* [Required work]
Find the line containing "Face in the Mirror artwork". Retype it and every later line of the records exactly, leaving out pictures.

[Scraped caption text data]
::::

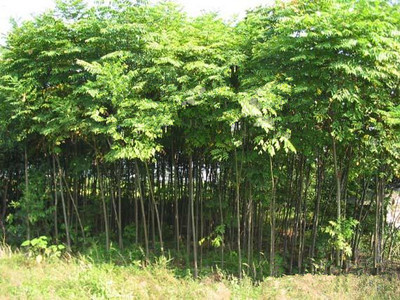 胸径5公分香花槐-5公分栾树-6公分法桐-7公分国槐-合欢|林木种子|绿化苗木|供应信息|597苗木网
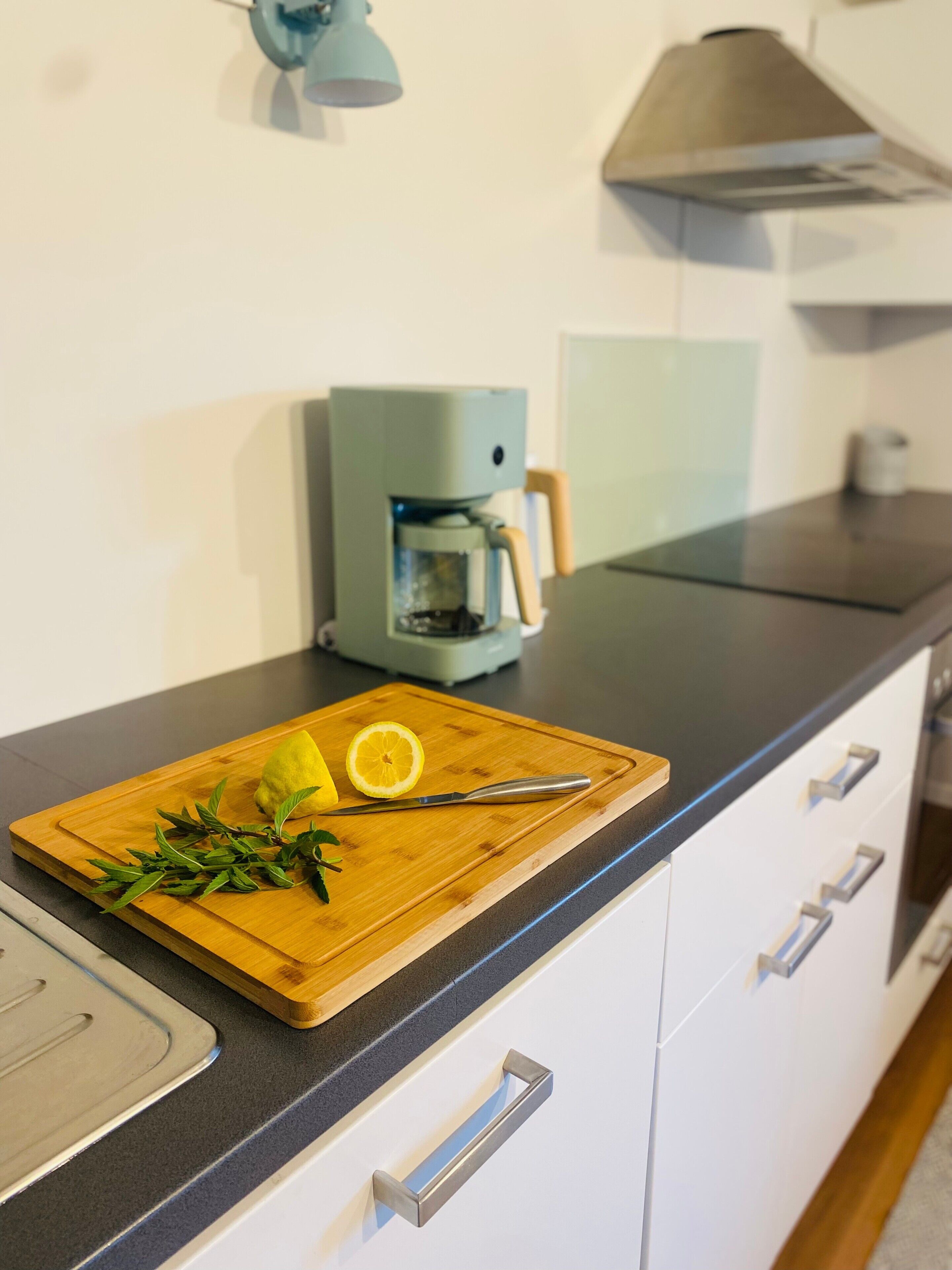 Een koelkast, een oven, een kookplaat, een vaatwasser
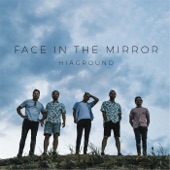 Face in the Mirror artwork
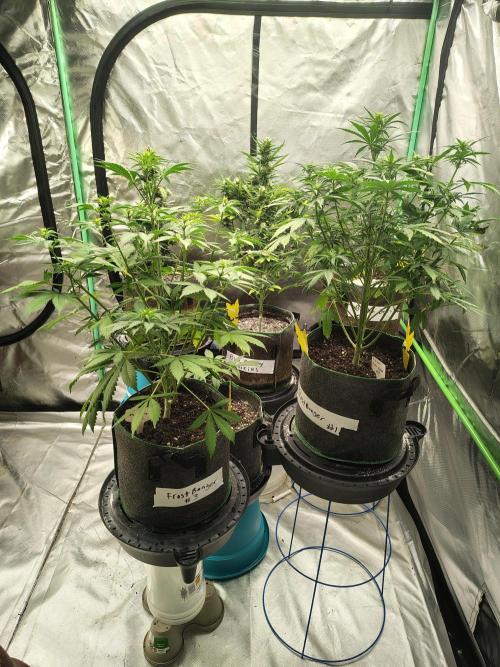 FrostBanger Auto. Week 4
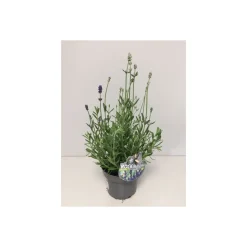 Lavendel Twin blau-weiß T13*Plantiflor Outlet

::::

* [Result for this exercise]
 Face in the Mirror artwork
 FrostBanger Auto. Week 4
 Lavendel Twin blau-weiß T13*Plantiflor Outlet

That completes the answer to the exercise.